Study offers glimpse into disconnection that increases health risks
During the COVID-19 pandemic, telehealth emerged as a lifeline for delivering health care services, ensuring patient safety while minimizing virus transmission. However, a UC Davis Health study published in the Journal of the American Geriatrics Society sheds light on disparities in telehealth access and use among older adults, particularly concerning social isolation and loneliness.
These factors, often prevalent in the elderly population, have profound implications for overall health and well-being.
Increased telehealth, decreased connection
The study determined that rapid expansion of telehealth during the COVID-19 pandemic increased usage of the technology from 6% to 24% among people 70 years of age and older. A majority of participants (63%) reported some level of social isolation. Loneliness, measured with a single-item question, revealed that 26% of older adults felt lonely on some days, while 9% felt lonely most days or every day.
“When COVID was starting and telehealth use was accelerating, I realized there was a big difference between people who quickly adopted telehealth and patients who were really struggling and couldn't quite figure it out, especially older adults,” explained Rebecca Howe, a UC Davis Health family medicine physician and lead author of the study. “Around that same time we were seeing an increase in social isolation and loneliness and I wanted to see if they were connected.”
In fact, three months after Howe’s study was published, the U.S. surgeon general issued an advisory about the “public health crisis of loneliness, isolation and lack of connection in our country.” The impacts of less social interaction on one’s health included greater risk of heart disease, stroke and dementia. The risk of premature death increased by more than 60%.

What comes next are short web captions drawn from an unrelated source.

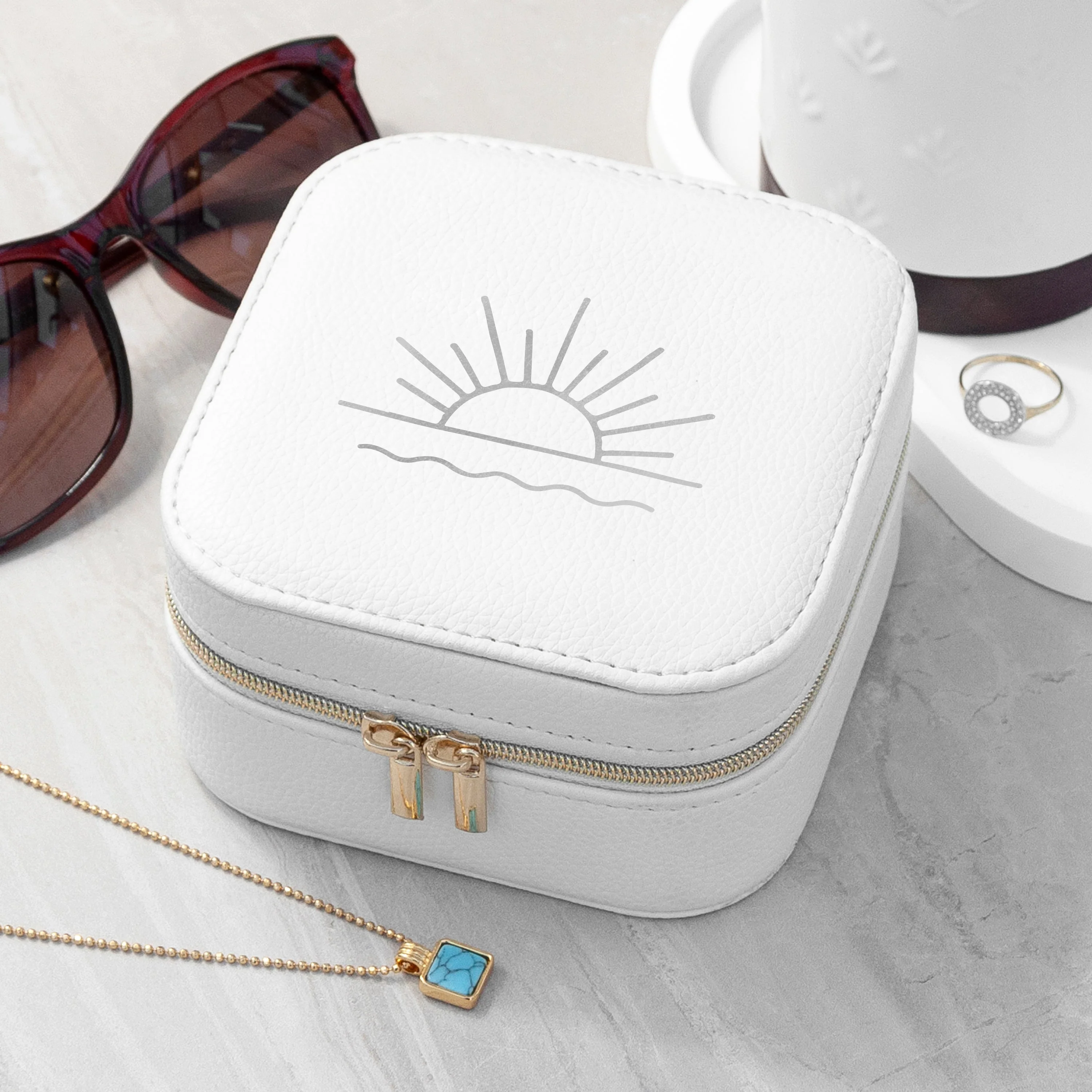 Sunset White Square Travel Jewellery Case - Image 3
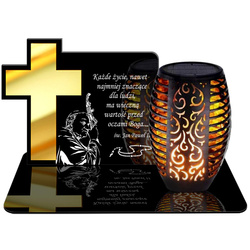 ZNICZ SOLARNY LED WIECZNY PODSTAWKA NA CMENTARZ GRÓB Krzyż EFEKT PŁOMIENIA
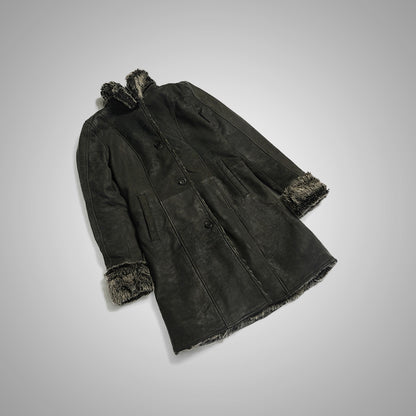 Shearling Fur Leather Coat by Cuir Jackets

For Howe’s study, researchers examined data from the 2020–2021 National Health and Aging Trends Study and its COVID-19 supplement. They looked at how often older adults used telehealth services, specifically video visits with their usual health care providers.
To understand social isolation, they used a validated measure called the Berkman-Syme Social Network Index. For loneliness, they used a single question: "How often do you feel lonely?" The goal was to see if social isolation and loneliness affected older adults' use of telehealth during the COVID-19 pandemic.
We found that people who were most socially isolated were less likely to use telehealth. And that's a big problem, right? Because these are the folks who don't have caregivers and maybe live alone.
“We found that people who were most socially isolated were less likely to use telehealth. And that's a big problem, right? Because these are the folks who don't have caregivers and maybe live alone. If they're not accessing care in the way that the whole health system is moving, and especially if they have multiple conditions and need to be accessing care, they may not be getting the care that they need,” Howe said.
Implications for geriatric care and family caregivers
While the team found no significant association between loneliness and telehealth use, possibly due to the single survey question about loneliness, the disparities highlighted other valuable, actionable data.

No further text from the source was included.